Exercise directions:
From the data below, set down exactly the lines between the one holding "Set line Ultrasound, Monitor" and the one holding "2008 Mitsubishi Eclipse", inclusive, and no others.

Material to process:
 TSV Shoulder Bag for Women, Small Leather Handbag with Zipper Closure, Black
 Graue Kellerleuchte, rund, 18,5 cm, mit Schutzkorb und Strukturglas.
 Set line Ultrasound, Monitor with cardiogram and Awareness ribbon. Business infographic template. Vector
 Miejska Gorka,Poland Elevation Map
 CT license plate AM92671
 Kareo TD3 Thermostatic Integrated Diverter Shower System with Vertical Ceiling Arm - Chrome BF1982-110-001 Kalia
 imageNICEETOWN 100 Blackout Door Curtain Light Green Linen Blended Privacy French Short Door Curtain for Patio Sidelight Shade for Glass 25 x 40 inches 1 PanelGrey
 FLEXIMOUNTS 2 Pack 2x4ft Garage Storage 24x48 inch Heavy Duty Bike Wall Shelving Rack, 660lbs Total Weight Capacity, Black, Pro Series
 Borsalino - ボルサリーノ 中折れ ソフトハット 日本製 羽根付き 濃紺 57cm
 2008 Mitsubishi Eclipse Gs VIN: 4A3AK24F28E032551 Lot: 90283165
* * *
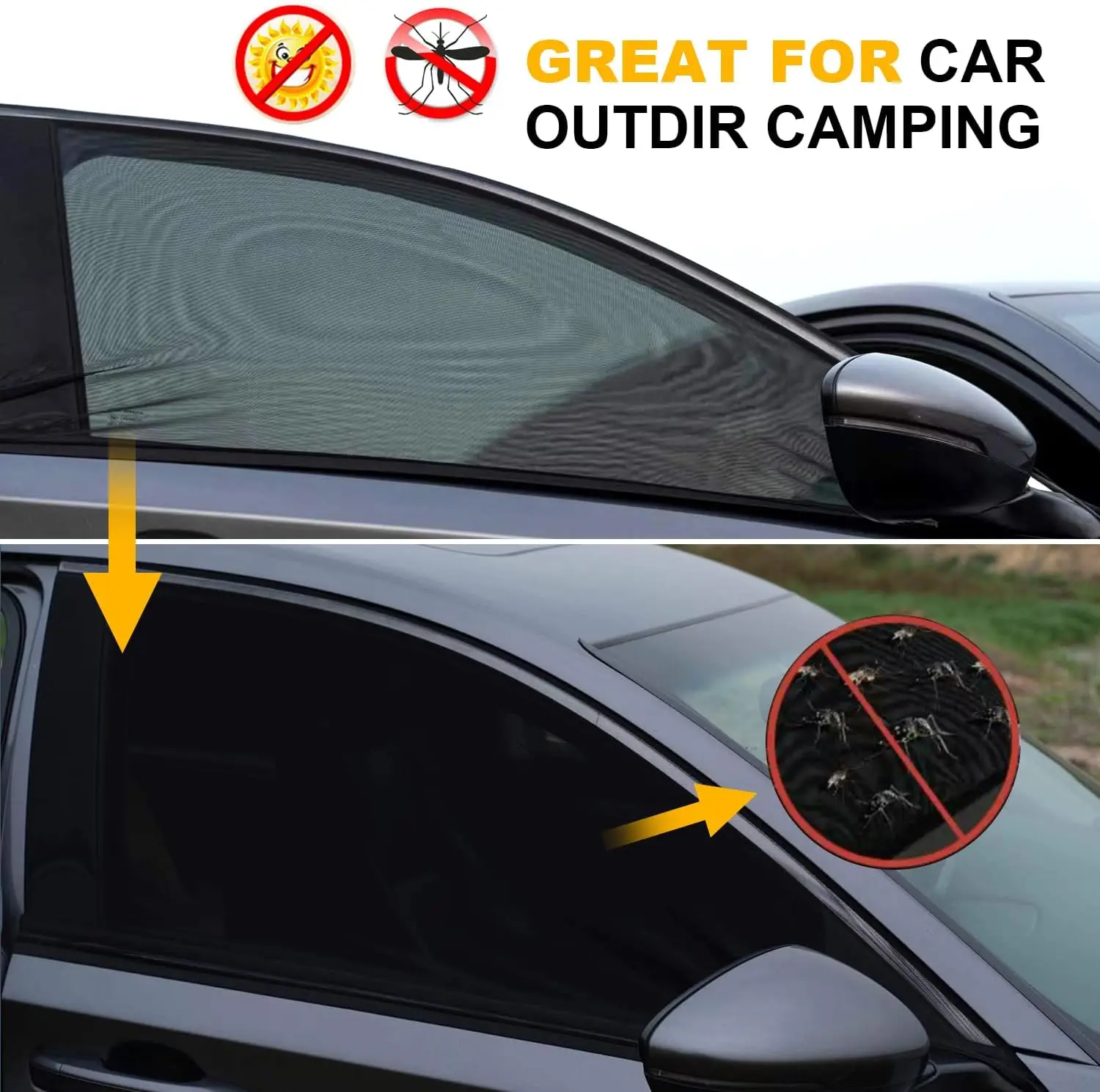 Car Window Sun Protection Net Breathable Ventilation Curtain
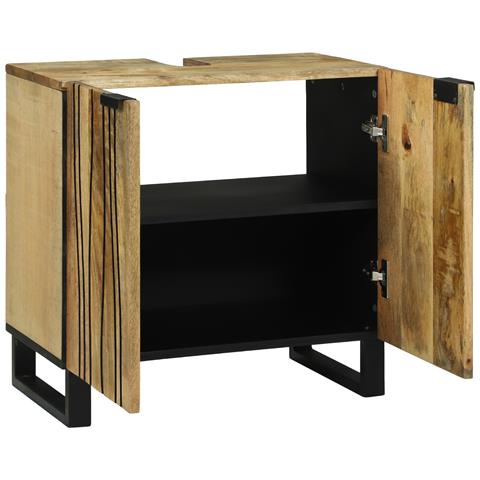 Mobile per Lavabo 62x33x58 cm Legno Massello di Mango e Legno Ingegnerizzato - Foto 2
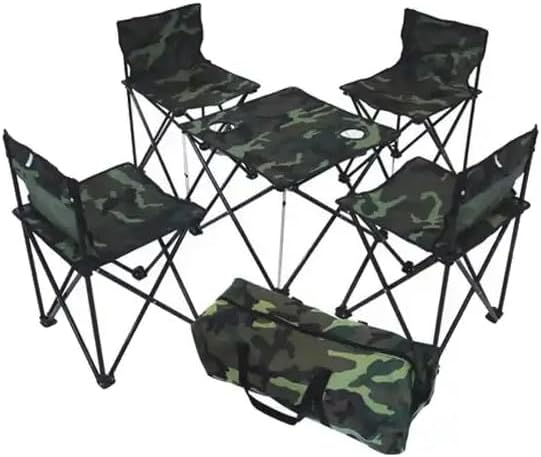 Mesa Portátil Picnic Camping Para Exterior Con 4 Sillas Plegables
...
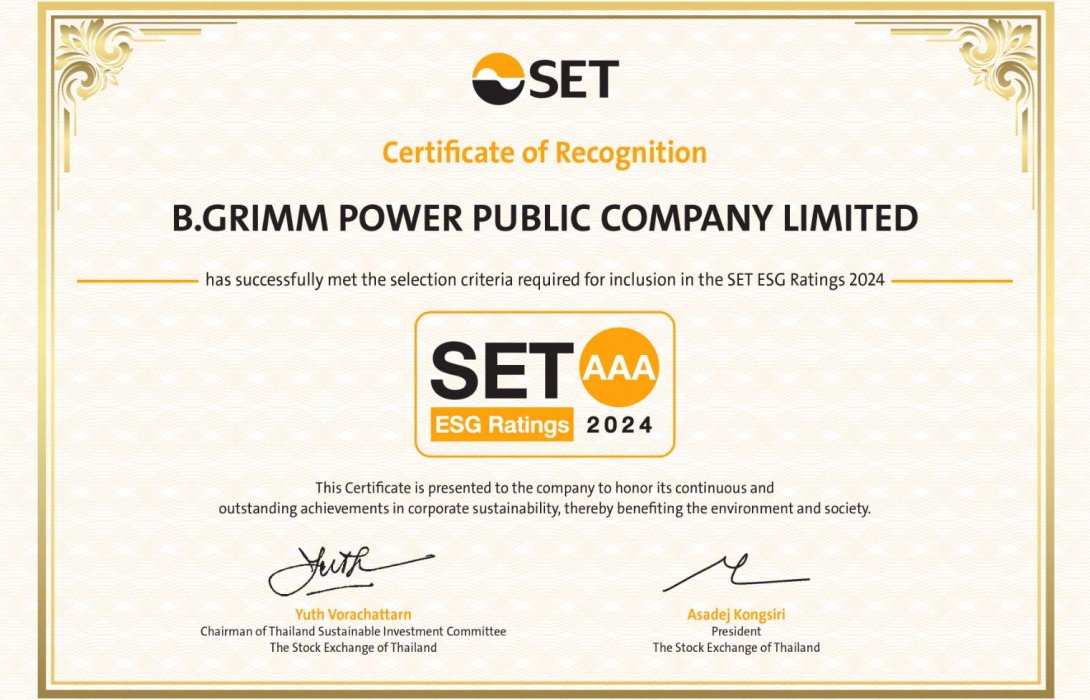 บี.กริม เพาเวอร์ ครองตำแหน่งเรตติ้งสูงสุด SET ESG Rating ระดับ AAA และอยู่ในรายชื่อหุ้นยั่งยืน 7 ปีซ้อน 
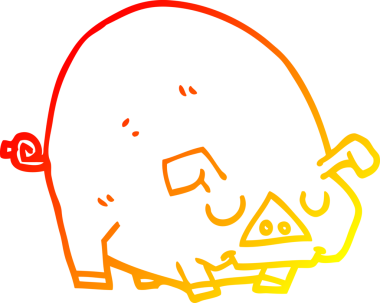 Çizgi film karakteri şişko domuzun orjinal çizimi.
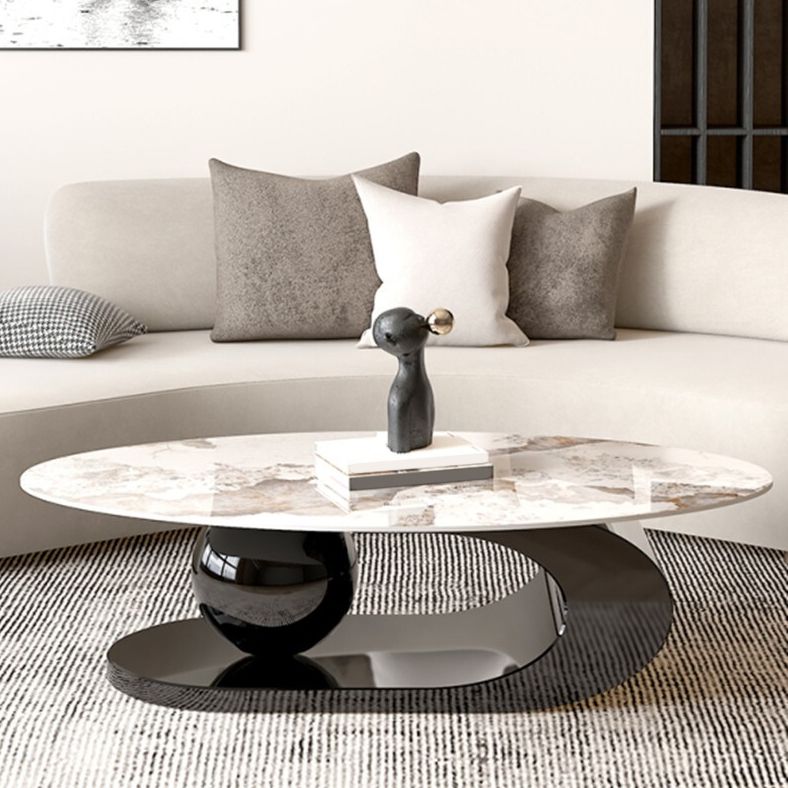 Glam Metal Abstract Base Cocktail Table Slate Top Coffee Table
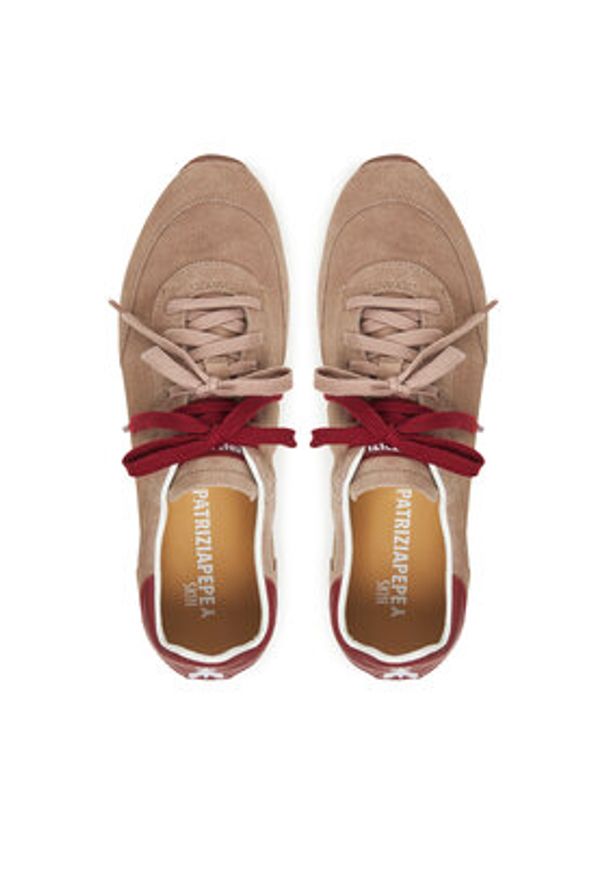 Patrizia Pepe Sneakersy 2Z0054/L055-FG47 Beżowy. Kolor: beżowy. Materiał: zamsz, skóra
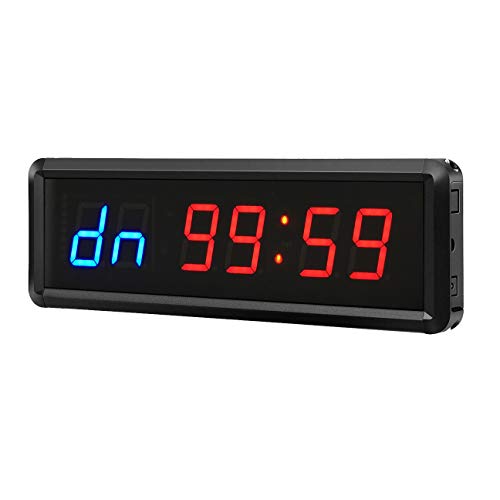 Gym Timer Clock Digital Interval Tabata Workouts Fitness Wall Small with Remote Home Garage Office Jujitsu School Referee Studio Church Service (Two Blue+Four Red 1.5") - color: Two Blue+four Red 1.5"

Solved problem:
 Set line Ultrasound, Monitor with cardiogram and Awareness ribbon. Business infographic template. Vector
 Miejska Gorka,Poland Elevation Map
 CT license plate AM92671
 Kareo TD3 Thermostatic Integrated Diverter Shower System with Vertical Ceiling Arm - Chrome BF1982-110-001 Kalia
 imageNICEETOWN 100 Blackout Door Curtain Light Green Linen Blended Privacy French Short Door Curtain for Patio Sidelight Shade for Glass 25 x 40 inches 1 PanelGrey
 FLEXIMOUNTS 2 Pack 2x4ft Garage Storage 24x48 inch Heavy Duty Bike Wall Shelving Rack, 660lbs Total Weight Capacity, Black, Pro Series
 Borsalino - ボルサリーノ 中折れ ソフトハット 日本製 羽根付き 濃紺 57cm
 2008 Mitsubishi Eclipse Gs VIN: 4A3AK24F28E032551 Lot: 90283165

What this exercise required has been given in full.